Al ver aquellos ladrillos que había estado repellando sentí por él una aflicción enorme. Era una pared rústica, echa con la habilidad de un profesor de escuela, pero nada más.

Vi un hombre, muy locuaz y vivaracho y me puse a conjeturar hasta cuando soportaría la presencia de aquellos ladrillos traidores en su propia casa. ¿Cuanto tiempo tardaría aquella circunstancia, en hacer mella en su alma noble? Grande es quien puede apagar el rencor, ante aquellos objetos dóciles que nos rodean que de pronto un día se nos vuelven aviesos.

Luego nos fuimos a pasear y a charlar dando vueltas por el pueblo.

Me contaron ayer que una vez finiquitada su carrera en el magisterio, postrado sobre su silla, se reinventó por completo: se hizo zapatero cum laude. Eficaz talabartero y un buen artesano tallador de la madera.

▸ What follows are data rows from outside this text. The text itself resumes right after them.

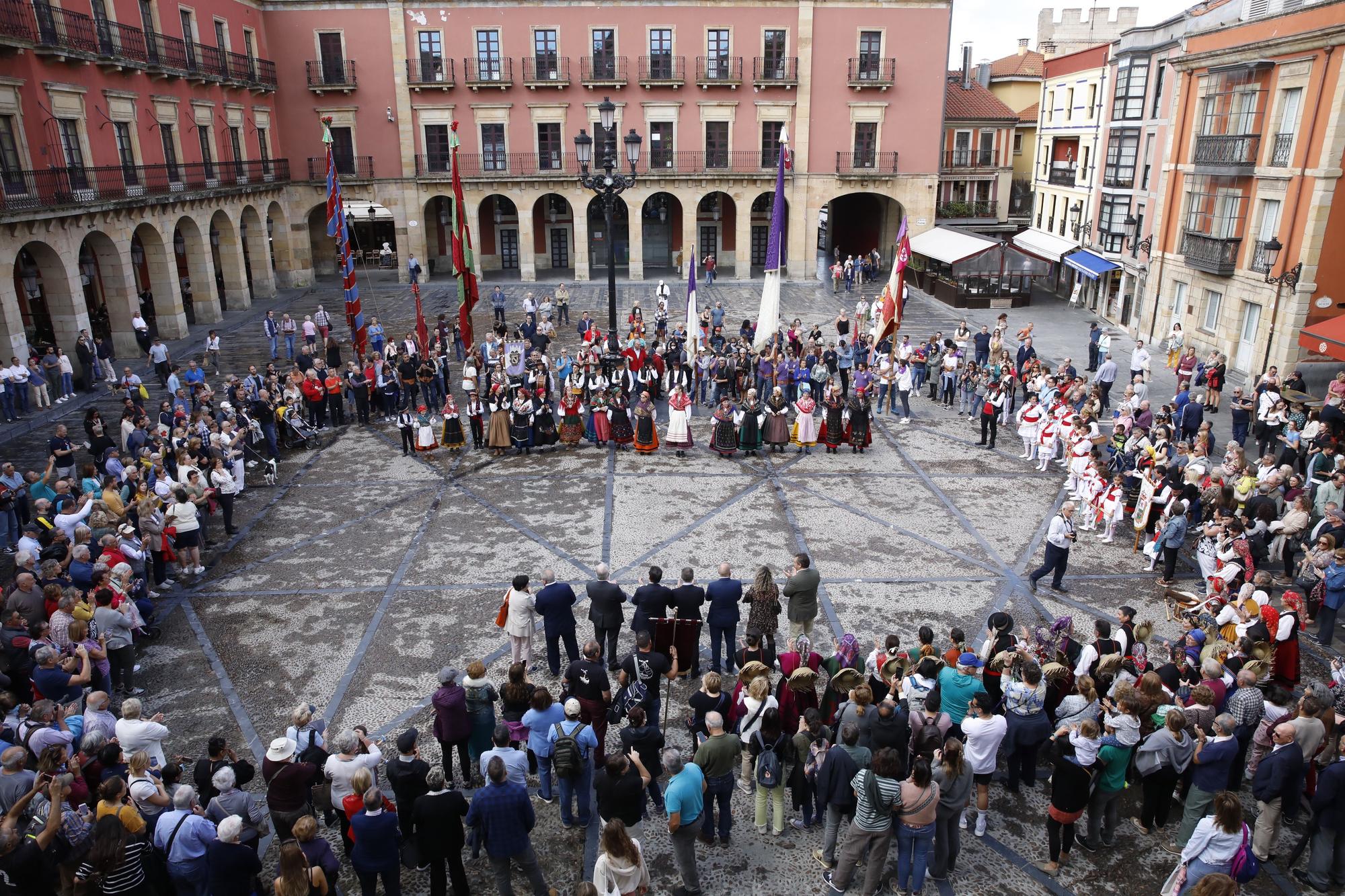 En imágenes: Gijón celebra el Día de León con bailes y el desfile de pendones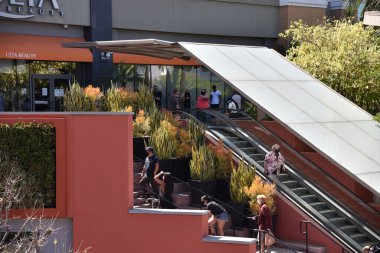 Los Angeles, CA / USA - 4 Mayıs 2020: Coronavirus karantinası sırasında alışveriş merkezinin dışındaki müşteri kuyrukları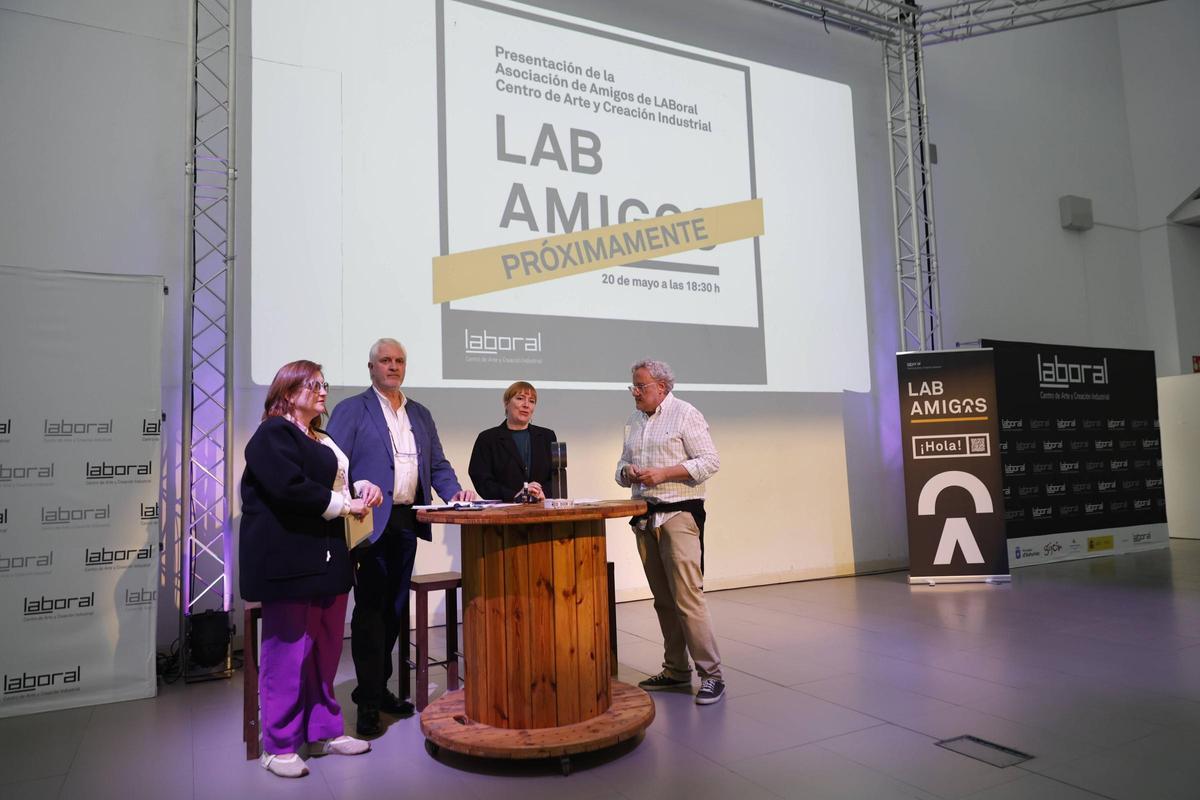 La Asociación de Amigos de LABoral Centro de Arte echa a andar en Gijón, en imágenes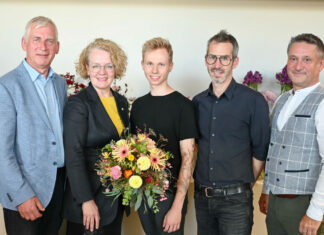 Schülerinnen schneidern eigenes Dirndl an Fachschule Warth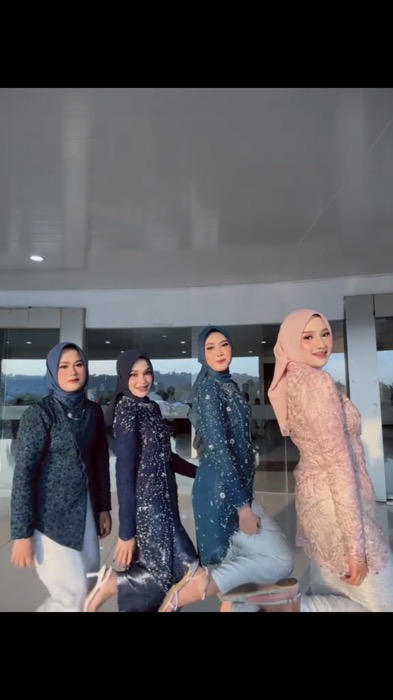#fyp #ootdhijab #fashion #fypシ #RacunShopee #RacunShopeeUnik #RacunShopeeCheck #RacunShopeeOutfit #kebayawisuda #viral #wisuda #kebaya #kebayamodern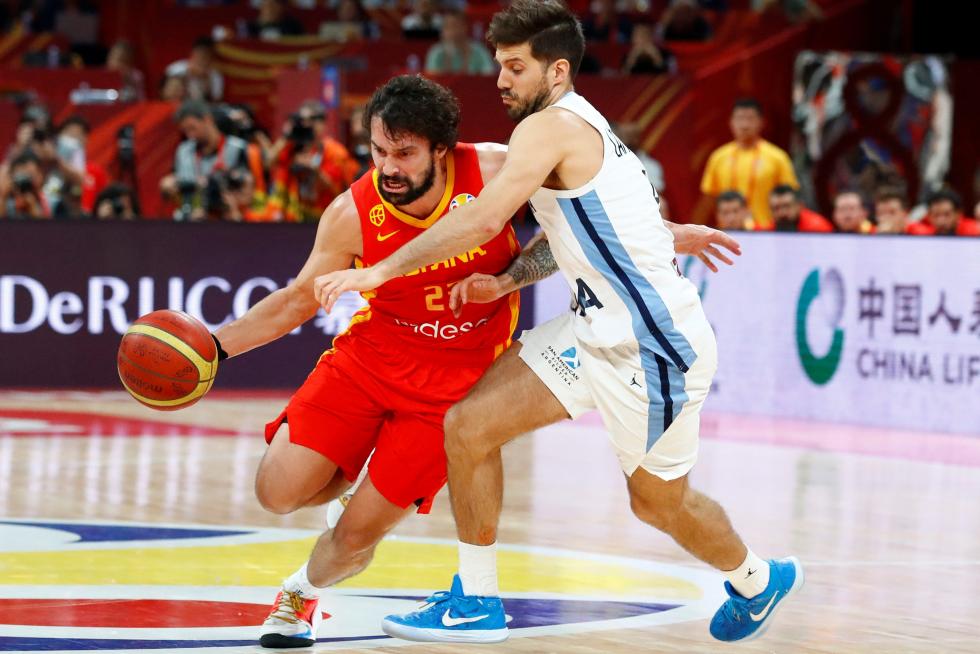 La final del Mundial de Baloncestos entre Argentina y España, en imágenes
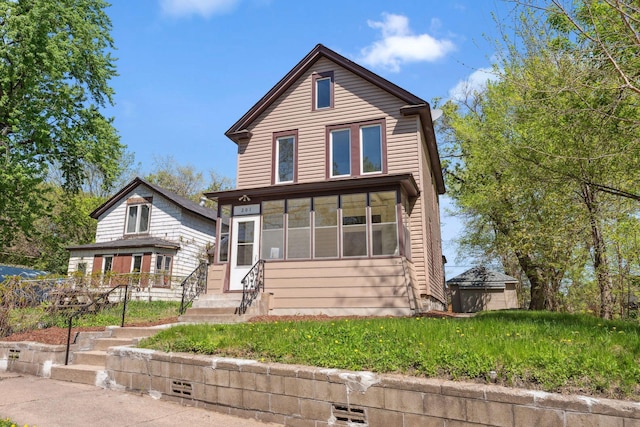 201 Genesee St, Saint Paul, MN 55117 - view of front of house featuring entry steps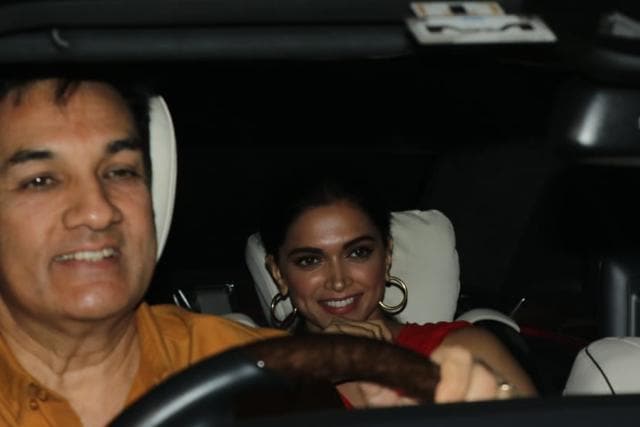 Deepika with father-in-law Jagjit Singh Bhavnani at Simmba screening. (Viral Bhayani) Deepika with father-in-law Jagjit Singh Bhavnani at Simmba screening. (Viral Bhayani)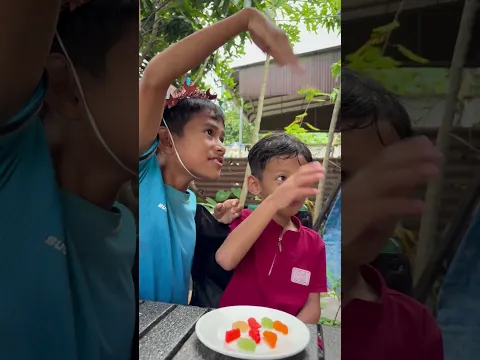 A boy gave sour flavored candy to other children🍬🤫🤣#shorts #viral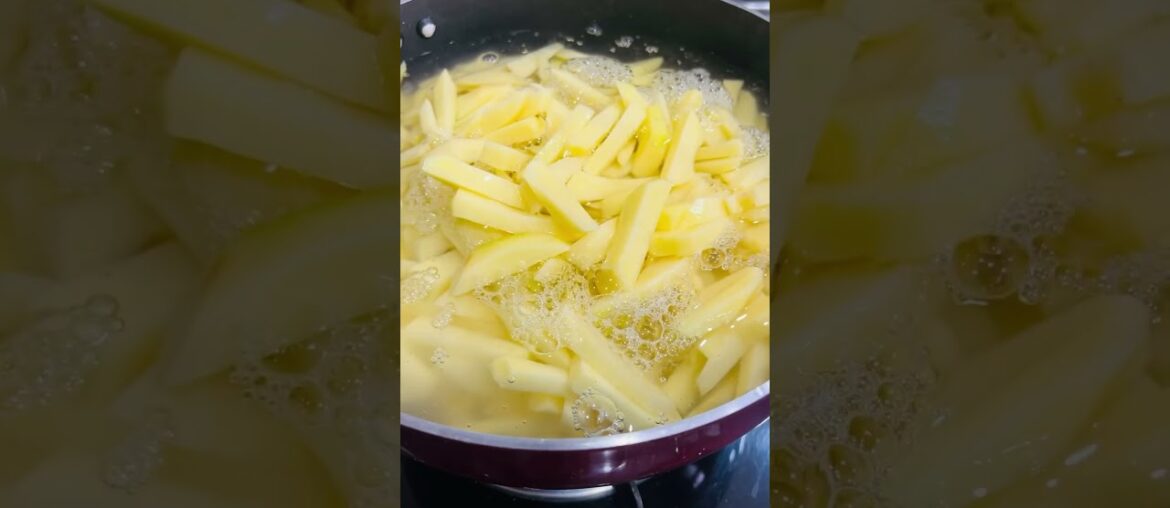 Crispy and perfect french fries at home #recipe #ytshorts #food#snacks#frenchfries #shorts #viral
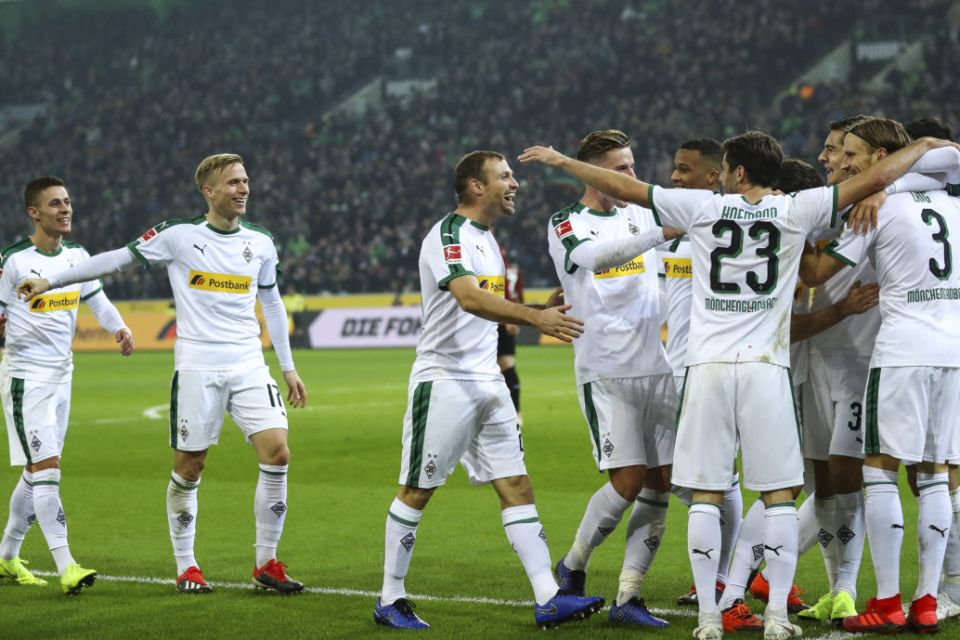 Borussia Monchengladbach players offer to forgo wages during coronavirus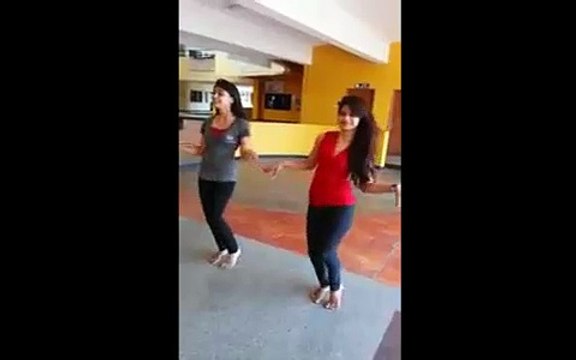 Very Amazing Dance By Two Hot Girls-Top Funny Videos-Top Prank Videos-Top Vines Videos-Viral Video-Funny Fails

La última vez que nos vimos fuimos a parar a la Cervecería. Por esas casualidades de la vida, ese día habían traído cervezas al pueblo. Comprendería luego, que el Comunismo engendra una deplorable declinación verbal, como esos tiempos que los lingüistas llaman “Sujetos Atmosféricos”. Ese “Anuncian Lluvias”. “Pronostican Granizos”, en la Dictadura del Proletariado es al revés: no se menciona el sujeto no por irrelevante —lo importante es la lluvia— sino por lo Omnipresente: “Habían sacado cerveza”: nadie lo mienta, pero todo el mundo sabe quién “sacó”.

—Lo peor del Comunismo no es que genera esclavitud, es que desaparece la cerveza— le dije, cuando alguien nos avisó de que había llegado La Pipa. Y con aquel vozarrón de profesor enfadado me soltó:

—Dale, Coño… empuja la silla esta que se nos va a acabar la poca cerveza que trajeron… y se iba riendo. —Y ahora cuando me tome un buchito no te creas que no te voy a refutar esa, ¿eh?

No lo volví a ver. Yo me fui. La novia se fue. Todos se fueron, menos Él y ellos, omnipresentes en su calamidad atmosférica. Pasaron 39 años. Aquella última vez fue nuestra despedida.  Luego de unas cuantas cervezas, vi por fin el alcohol apagarle la llama de su sonrisa, como una mueca:

—Yo no me voy a quedar para siempre aquí— me dijo. Yo me voy a levantar de esta silla… tú verá

Si no recuerdo mal, quise creerle. Lo llevé de vuelta a su casa, donde estaba Margarita esperándolo. Lamento que haya dejado finalmente su silla de manera tan tajante. ¡Hoy dejó su silla y se fue!